Someone special gave me a book of essays by David Mamet, the film director. 
Within, the title Exuvial Magic: An Essay Concerning Fashion caught my eye.
(Seriously... exuvial?)

Mamet writes:
"The pursuit of fashion is the attempt of the middle class to co-opt tragedy."

WTF does this mean, David?
"In adopting the clothing of those in pitiful circumstances, the middle class seeks to have what it feels to be the nonequivocal experiences had by those it emulates." 

...Examples?
"We dress in the denim of the farm worker, the khaki of the field soldier, the beaten leather jackets of the breadline. The white world tries to emulate the black world; the gay world emulates those elements of America it considers tragic - the clothing of the 1950s."

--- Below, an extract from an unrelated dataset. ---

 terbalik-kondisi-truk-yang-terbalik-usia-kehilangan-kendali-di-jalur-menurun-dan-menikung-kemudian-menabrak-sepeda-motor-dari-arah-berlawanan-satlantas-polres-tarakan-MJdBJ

In progressing "from an emulation of the romantic to an emulation of the tragic," Mamet continues, the middle class "avows not only the aridity of its lifestyle, but the complete failure of its fantasies, and of its very ability to fantasize."

Do we buy this, kids? 
Certainly dressing is evocation.
I myself wish most ardently each Winter that I could dress like a Mongolian falconer in furs and ride about on a black stallion. 
 I don't view that persona as pitiful or tragic; but I do envy its 'nonequivocal experience'. 
Extreme experiences suggest initiation into hidden life knowledge.

Anyway. 
I think that with his loveheart, this non-middle class boy is co-opting the romantic rather than the tragic.